Oft sind das Menschen, die nur ihre Sessel sichern wollen, aber nicht die gesicherte Zukunft des neuen Nahverkehrsbetriebes im Auge haben. Solch ein Verhalten schadet letztlich allen und der besseren Sache. Das stand bereits deutlich im Deloitte-Gutachten.

Regierungspräsidentin war da sehr zögerlich

Warum hat sich daran kaum jemand gehalten?

Fragen Sie die beteiligten Personen. Jeder klammert sich an seinen Arbeitsplatz.

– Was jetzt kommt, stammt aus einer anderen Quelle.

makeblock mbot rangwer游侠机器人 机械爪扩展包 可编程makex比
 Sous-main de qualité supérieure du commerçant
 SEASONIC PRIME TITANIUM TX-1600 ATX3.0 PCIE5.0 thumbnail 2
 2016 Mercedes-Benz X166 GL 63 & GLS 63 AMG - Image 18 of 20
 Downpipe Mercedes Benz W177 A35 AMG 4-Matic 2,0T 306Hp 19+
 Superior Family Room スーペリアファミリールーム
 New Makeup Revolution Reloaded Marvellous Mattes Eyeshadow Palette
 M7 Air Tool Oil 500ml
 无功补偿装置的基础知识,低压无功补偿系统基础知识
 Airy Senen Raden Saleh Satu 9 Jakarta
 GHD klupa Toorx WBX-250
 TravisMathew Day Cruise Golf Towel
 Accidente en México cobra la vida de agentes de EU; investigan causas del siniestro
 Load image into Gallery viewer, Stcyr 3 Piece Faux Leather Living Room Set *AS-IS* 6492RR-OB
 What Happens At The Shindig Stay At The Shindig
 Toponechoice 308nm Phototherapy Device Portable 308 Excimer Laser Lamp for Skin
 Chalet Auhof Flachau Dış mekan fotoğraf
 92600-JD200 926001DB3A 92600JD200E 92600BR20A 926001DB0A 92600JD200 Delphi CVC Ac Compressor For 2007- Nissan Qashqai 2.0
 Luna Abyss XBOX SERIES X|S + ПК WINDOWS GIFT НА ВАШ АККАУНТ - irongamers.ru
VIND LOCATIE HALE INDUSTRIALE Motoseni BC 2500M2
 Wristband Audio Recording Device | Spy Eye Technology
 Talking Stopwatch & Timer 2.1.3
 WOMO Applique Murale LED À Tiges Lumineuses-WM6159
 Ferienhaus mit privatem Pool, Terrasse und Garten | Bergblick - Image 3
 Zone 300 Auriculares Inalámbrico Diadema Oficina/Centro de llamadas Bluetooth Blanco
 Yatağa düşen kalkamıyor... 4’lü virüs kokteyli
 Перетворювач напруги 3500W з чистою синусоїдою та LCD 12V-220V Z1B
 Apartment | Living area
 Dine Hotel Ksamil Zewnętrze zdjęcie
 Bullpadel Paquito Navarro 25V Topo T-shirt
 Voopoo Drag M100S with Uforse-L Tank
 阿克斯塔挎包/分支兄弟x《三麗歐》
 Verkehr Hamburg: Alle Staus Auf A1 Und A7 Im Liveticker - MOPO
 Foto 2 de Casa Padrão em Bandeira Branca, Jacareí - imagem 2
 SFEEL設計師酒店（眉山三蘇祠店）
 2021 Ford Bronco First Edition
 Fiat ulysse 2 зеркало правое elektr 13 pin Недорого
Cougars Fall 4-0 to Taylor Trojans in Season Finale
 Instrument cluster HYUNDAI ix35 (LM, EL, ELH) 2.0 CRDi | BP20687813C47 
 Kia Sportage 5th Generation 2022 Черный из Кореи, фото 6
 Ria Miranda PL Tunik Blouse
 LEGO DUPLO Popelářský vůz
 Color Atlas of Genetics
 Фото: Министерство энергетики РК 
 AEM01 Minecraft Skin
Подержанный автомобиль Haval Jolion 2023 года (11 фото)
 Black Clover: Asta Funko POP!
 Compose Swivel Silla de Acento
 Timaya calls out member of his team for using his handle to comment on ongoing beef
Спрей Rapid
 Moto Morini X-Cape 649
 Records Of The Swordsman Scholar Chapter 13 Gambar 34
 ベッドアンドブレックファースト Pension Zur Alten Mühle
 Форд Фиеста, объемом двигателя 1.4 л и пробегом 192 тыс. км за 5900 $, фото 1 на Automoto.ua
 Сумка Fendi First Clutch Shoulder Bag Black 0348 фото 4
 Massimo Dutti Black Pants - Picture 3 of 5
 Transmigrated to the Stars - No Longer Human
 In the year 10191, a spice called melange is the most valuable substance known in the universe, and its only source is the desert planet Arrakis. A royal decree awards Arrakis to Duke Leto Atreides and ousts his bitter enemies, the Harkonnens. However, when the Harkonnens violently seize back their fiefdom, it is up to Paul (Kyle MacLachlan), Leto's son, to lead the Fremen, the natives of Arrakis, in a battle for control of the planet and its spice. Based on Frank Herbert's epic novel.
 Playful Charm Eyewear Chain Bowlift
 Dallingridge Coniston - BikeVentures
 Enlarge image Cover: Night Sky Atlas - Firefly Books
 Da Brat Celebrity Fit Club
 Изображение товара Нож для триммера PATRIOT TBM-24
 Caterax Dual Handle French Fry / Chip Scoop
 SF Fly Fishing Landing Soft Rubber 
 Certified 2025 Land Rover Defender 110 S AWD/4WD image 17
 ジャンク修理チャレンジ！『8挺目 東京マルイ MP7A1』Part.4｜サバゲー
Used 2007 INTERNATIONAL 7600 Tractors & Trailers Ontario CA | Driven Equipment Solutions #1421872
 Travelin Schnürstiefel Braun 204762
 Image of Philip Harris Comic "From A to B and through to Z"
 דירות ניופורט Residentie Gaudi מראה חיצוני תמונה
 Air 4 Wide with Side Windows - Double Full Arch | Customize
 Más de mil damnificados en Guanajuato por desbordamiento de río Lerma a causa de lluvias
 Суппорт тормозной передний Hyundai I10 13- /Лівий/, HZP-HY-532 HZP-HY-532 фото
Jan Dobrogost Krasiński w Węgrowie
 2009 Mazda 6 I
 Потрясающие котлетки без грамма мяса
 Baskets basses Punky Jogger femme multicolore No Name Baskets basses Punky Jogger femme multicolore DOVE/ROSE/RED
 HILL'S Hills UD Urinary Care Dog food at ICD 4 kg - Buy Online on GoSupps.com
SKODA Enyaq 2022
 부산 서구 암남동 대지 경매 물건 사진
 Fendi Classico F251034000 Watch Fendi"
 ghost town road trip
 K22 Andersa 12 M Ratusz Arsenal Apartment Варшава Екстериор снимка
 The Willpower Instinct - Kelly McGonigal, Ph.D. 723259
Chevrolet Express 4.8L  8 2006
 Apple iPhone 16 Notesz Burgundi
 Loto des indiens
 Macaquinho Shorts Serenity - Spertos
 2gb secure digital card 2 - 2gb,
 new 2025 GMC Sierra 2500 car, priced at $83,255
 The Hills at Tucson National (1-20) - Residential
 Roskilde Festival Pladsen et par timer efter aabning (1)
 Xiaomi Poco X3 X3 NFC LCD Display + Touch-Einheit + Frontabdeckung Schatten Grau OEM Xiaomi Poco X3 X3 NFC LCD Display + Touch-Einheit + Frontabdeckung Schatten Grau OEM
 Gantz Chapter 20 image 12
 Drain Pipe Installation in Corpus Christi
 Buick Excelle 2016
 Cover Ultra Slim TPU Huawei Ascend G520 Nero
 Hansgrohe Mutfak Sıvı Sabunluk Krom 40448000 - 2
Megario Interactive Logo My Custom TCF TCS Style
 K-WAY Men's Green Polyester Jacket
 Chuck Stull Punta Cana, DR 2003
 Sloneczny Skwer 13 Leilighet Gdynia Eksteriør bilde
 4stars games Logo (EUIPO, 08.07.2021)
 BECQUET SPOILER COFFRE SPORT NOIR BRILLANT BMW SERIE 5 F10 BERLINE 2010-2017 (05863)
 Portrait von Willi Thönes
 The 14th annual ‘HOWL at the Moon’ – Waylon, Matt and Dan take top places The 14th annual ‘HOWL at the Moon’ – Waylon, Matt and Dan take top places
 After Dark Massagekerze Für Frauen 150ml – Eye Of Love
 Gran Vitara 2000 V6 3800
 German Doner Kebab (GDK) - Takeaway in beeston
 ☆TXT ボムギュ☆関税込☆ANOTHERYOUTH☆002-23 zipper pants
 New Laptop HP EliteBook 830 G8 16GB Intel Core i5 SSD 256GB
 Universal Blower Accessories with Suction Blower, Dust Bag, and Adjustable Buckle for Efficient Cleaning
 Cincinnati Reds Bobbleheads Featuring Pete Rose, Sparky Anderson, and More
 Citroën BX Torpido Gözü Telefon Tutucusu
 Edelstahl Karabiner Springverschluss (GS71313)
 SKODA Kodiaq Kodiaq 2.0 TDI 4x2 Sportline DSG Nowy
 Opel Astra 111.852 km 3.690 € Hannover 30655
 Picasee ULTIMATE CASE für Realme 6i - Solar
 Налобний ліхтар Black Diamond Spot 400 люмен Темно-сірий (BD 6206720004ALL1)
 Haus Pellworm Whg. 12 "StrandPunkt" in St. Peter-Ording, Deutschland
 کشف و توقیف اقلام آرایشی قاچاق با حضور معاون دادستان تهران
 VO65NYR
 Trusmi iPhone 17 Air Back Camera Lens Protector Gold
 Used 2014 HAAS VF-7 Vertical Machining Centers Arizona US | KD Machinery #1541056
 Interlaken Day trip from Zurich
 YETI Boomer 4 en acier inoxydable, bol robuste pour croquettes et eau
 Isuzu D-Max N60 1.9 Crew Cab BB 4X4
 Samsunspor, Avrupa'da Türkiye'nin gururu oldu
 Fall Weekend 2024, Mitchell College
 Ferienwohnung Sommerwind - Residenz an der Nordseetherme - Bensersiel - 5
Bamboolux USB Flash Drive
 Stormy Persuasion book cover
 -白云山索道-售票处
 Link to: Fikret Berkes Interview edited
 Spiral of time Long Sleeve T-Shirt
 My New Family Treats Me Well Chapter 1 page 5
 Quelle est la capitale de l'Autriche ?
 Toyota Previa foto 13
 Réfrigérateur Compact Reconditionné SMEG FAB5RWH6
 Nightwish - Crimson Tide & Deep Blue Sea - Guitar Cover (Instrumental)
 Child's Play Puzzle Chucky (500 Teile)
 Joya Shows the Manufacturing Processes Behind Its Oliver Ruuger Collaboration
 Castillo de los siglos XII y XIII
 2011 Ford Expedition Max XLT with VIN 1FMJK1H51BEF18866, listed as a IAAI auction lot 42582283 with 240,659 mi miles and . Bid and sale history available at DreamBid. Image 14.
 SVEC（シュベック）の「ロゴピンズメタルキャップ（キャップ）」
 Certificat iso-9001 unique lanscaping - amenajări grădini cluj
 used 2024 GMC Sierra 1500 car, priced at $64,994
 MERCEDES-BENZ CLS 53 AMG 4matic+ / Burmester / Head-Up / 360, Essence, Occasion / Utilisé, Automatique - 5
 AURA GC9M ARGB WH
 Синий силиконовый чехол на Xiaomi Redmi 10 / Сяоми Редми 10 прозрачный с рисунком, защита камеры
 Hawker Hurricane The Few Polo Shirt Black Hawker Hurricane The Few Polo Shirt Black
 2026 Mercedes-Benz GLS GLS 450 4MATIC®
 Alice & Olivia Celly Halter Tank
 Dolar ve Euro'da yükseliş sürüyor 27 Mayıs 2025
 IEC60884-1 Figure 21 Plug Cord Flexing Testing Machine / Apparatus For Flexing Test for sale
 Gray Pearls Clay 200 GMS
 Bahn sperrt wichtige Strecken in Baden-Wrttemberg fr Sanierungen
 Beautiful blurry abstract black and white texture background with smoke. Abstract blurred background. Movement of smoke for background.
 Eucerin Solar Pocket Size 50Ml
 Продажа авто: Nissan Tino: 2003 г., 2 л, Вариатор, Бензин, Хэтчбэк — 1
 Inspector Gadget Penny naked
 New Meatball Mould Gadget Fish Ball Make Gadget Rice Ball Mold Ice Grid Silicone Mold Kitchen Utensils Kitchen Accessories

Die Düsseldorfer Aufsichtsbehörde hat das Deloitte-Gutachten als richtigen Fusionsweg bewertet. Hat die Kommunalaufsicht zu wenig unterstützt oder Druck gemacht?

Die Regierungspräsidentin Anne Lütkes war da sehr zögerlich. Wir haben deutlichere Hinweise von ihr erwartet. Sagt die eine Abteilung, baut mehr Straßenbahnen, fahrt weniger Busse und ermahnt die andere Abteilung die Stadt gleichzeitig zum Sparen – dann werden Spielräume zum Handeln eng.

Am 14. Juli soll der Fusionsvertrag besiegelt werden. Haben alle ihre Hausaufgaben gut erledigt.

Es gibt eine Regelung für zwei verschiedene Pensionskassen, die in der Ruhrbahn nebeneinander für MVG und Evag fortbestehen. Die Evag hat wohl auch ihre in den USA verleasten Straßenbahnen vertraglich gerettet.

Gab es Nachteile für die MVG?

Wir sind der kleinere Partner (25 Prozent) in der neuen Gesellschaft und können nicht alles bestimmen. Die neue Ruhrbahn sollte aus beiden Betrieben jedoch die jeweils besseren Lösungen übernehmen und auf Augenhöhe mit allen Beteiligten arbeiten.

Können Sie ein Beispiel nennen?

Die MVG hatte eine neue Radsatzdrehmaschine. Die ist jetzt in der Essener Werkstatt eingebaut. In der Nachbarstadt fahren mehr Straßenbahnen als im Mülheim. So können wir die Reparaturwege verkürzen. Von solchen Synergien, wie auch der Austausch von Bahnen, brauchen wir mehr in kurzer Zeit. Das darf keine Einbahnstraße bleiben.

Vor allem müssen E-Wagen im Fahrplan stehen

Bekommen die Städte einen gemeinsamen Nahverkehrsplan? Im östlichen Ruhrgebiet klappt das.

Das geht nicht so einfach, weil die Städte bisher das in den politischen Gremien beschlossene Angebot bei den Verkehrsbetrieben MVG und Evag bestellt haben. Demnächst übernimmt die Ruhrbahn diese Dienstleistungen.

Aber Fahrgäste der Linie 102 sind sauer, weil morgens die Bahnen überfüllt sind. Was passiert nun?

Da müssen wir nachbessern. Das lässt sich für den geltenden Nahverkehrsplan ändern. Zusatzbusse sind keine Lösung auf der 102. Die können nicht an Mittelinseln halten. Vor allem müssen E-Wagen im Fahrplan stehen, damit sich die Fahrgäste darauf verlassen können.

Auf Anschlüsse beim Umsteigen können sich Fahrgäste nach Mintard aber kaum verlassen.

Das muss wirklich besser werden. Sind Übergangszeiten lang genug, die Anschlüsse garantiert, steigen die Kunden auch um. Nur so können wir ein fahrgastgerechtes Angebot schaffen.

Damit wäre auch eine Forderung der Aufsichtsbehörde erfüllt?

Es ist schwer, gewohnte Direktverbindungen zu unterbrechen. Aber Parallelfahrten kosten mehr Geld als das Bündeln mehrerer Zubringer auf einen Strang.

Ziehen bei der Fusion wirklich alle an einem Strang?

Das erwarte ich. Dabei sollten jedoch alle fair miteinander umgehen und den gleichen Informationsstand haben.